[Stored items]
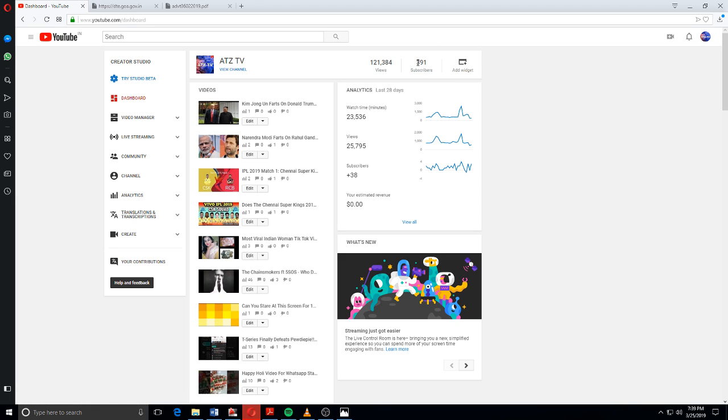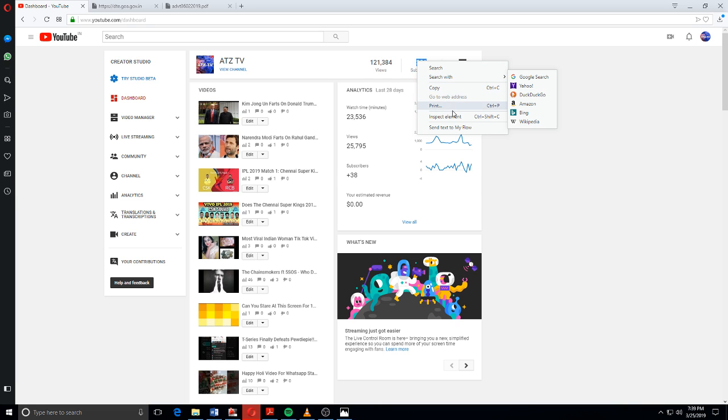Just select it like this and press inspect element.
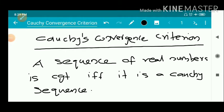We have an important theorem: Cauchy's Convergence Criterion. Statement: a sequence of real numbers is convergent if and only if it is a Cauchy sequence. It is a very important result.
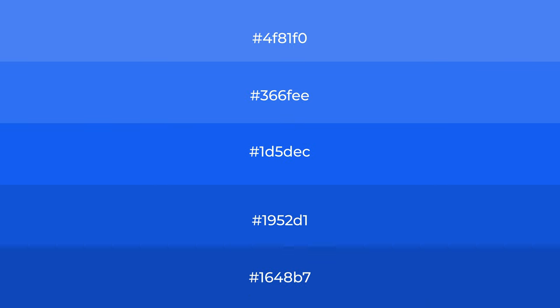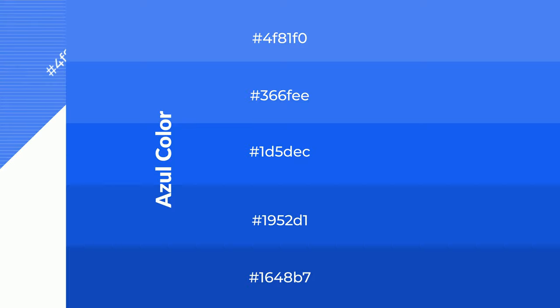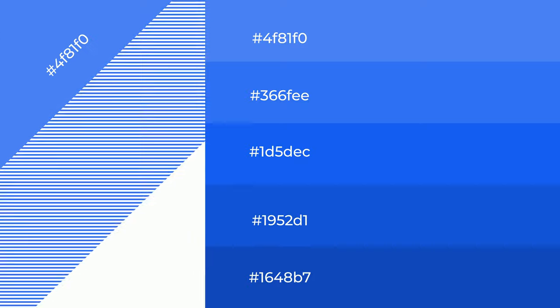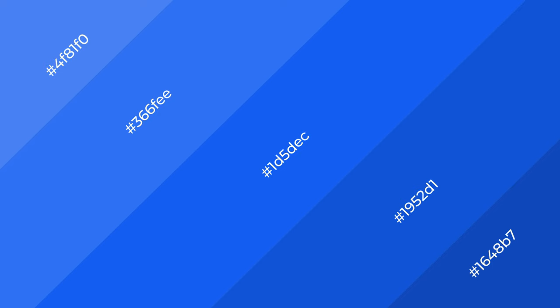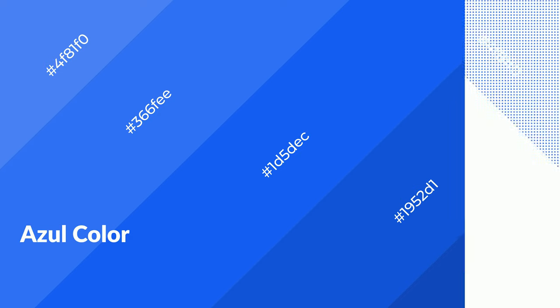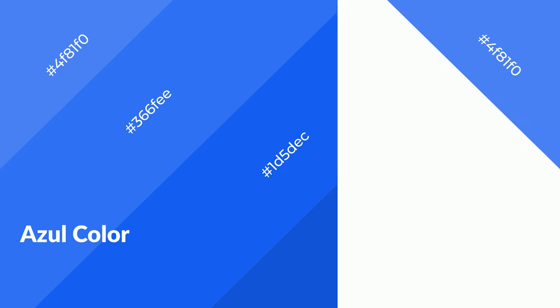To generate shades of a color, we add black to the color, and it is used in patterns and 3D effects. Layers and shades create depth and drama. Azul is a cool color and it emits calming, serene, soothing, refreshing, spacious, unwinding, peace, and relaxed emotions.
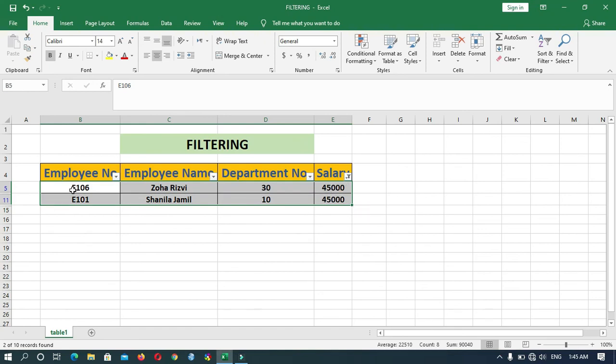As you can see, filtering is a quick and easy way to find and work with selected data.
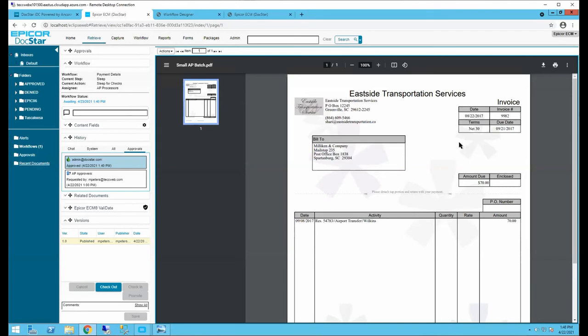Q&A: How does a principal who requires everything signed off — checks and balances with documents printed out — work with DocStar? Workflows are the answer. For example, the AP invoice demo stopped at an approval point. Approval steps can be set up on any document coming in, and a document doesn't even need to go to Epicor — it can be dropped into Epicor ECM and part of its workflow will send an email to someone for approval.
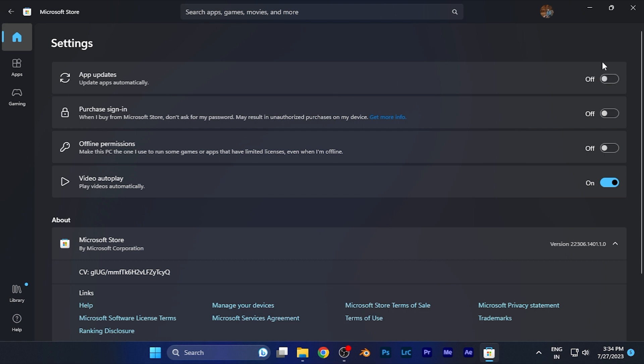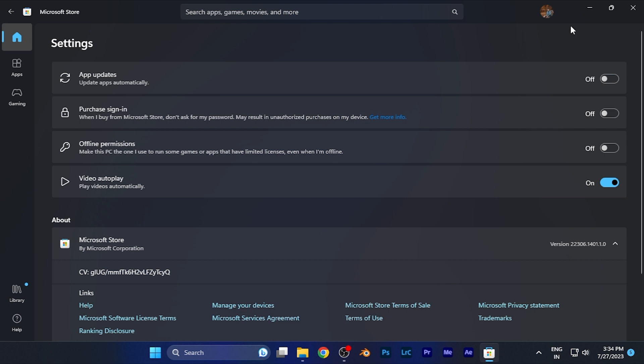Once you do that, all the automatic updates that are going to be updated in the background are now stopped, and the data that has been consumed in updating the apps will now stop.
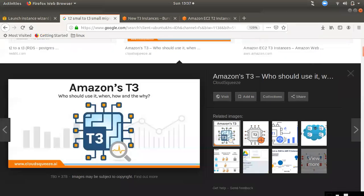Hi friends, welcome to Thamun Cloud Jone YouTube channel. In this video, we will be able to upgrade the D2 and D3 instance to the ECD instance.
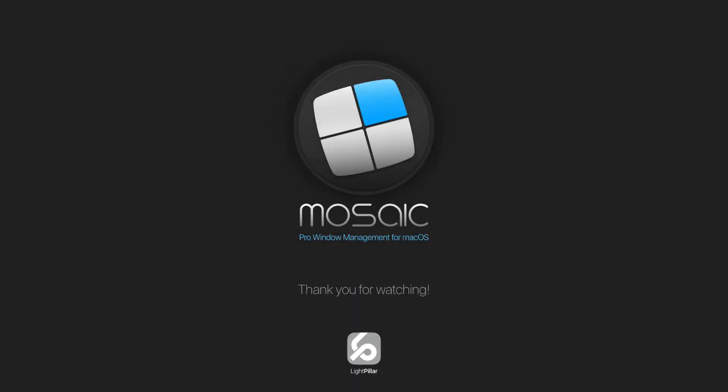So that concludes my demonstration of Layout Views. All really great ways of giving you convenient access to your layout icons. Thanks for watching, and I'll see you in the next video.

WORK REQUIRED:
From first line to last, return the records verbatim without their pictures.

SOLUTION FOR THIS PROBLEM:
Just select it like this and press inspect element.
We have an important theorem: Cauchy's Convergence Criterion. Statement: a sequence of real numbers is convergent if and only if it is a Cauchy sequence. It is a very important result.
To generate shades of a color, we add black to the color, and it is used in patterns and 3D effects. Layers and shades create depth and drama. Azul is a cool color and it emits calming, serene, soothing, refreshing, spacious, unwinding, peace, and relaxed emotions.
As you can see, filtering is a quick and easy way to find and work with selected data.
Q&A: How does a principal who requires everything signed off — checks and balances with documents printed out — work with DocStar? Workflows are the answer. For example, the AP invoice demo stopped at an approval point. Approval steps can be set up on any document coming in, and a document doesn't even need to go to Epicor — it can be dropped into Epicor ECM and part of its workflow will send an email to someone for approval.
Once you do that, all the automatic updates that are going to be updated in the background are now stopped, and the data that has been consumed in updating the apps will now stop.
Hi friends, welcome to Thamun Cloud Jone YouTube channel. In this video, we will be able to upgrade the D2 and D3 instance to the ECD instance.
So that concludes my demonstration of Layout Views. All really great ways of giving you convenient access to your layout icons. Thanks for watching, and I'll see you in the next video.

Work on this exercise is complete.